TOP 10 WORDS OF WISDOM (Nashville-style)

1. “Be a best friend, tell the truth.  And overuse ‘I love you.’  Go to work, do your best.  Don’t outsmart your common sense.”

“Love Like Crazy,” by Lee Brice

2. “Don’t sit upon the shoreline and say you’re satisfied.  Choose to chance the rapids and dare to dance the tide.”

“The River,” by Garth Brooks

3. “My next thirty years will be the best years of my life.  Raise a little family and hang out with my wife/husband.  Spend precious moments with the ones that I hold dear.  Make up for lost time here, in my next thirty years”

“My Next Thirty Years,” by Tim McGraw

4. “If you want to make the world a better place, take a look at yourself, and then make a change.”

“Man In the Mirror,” by Michael Jackson

5. “Sometimes I’m hard on me, when dreams don’t come easy.  I wanna look back and say, I did all that I could.  At the end of the day, Lord I pray, I have a life that’s good.”

“A Life That’s Good,” by Lennon & Maisy (Nashville cast)

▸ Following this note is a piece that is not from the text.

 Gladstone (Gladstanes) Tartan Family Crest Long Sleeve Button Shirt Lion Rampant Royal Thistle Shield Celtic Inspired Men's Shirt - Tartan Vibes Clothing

6. “May good fortune be with you.  May your guiding light be strong.”

“Forever Young,” by Rod Stewart

7. “I hope you still feel small when you stand beside the ocean.  Whenever one door closes I hope one more opens.”  

“I Hope You Dance,” by Lee Ann Womack

8. “If you’re faced with a choice, and you have to choose.  I hope you choose the one that means the most to you.”

“My Wish,” by Rascal Flatts

9. “Maybe you’ll marry, maybe you won’t.  Maybe you’ll have children, maybe you won’t.  Maybe you’ll divorce at 40, maybe you’ll dance the ‘Funky Chicken’ on your 75th wedding anniversary.  Whatever you do, don’t congratulate yourself too much or berate yourself either.  Your choices are half chance, so are everybody else’s”

Baz Luhrmann – Everybody’s Free (to Wear Sunscreen) 

10. “What it all comes down to is that no one’s really got it all figured out just yet.”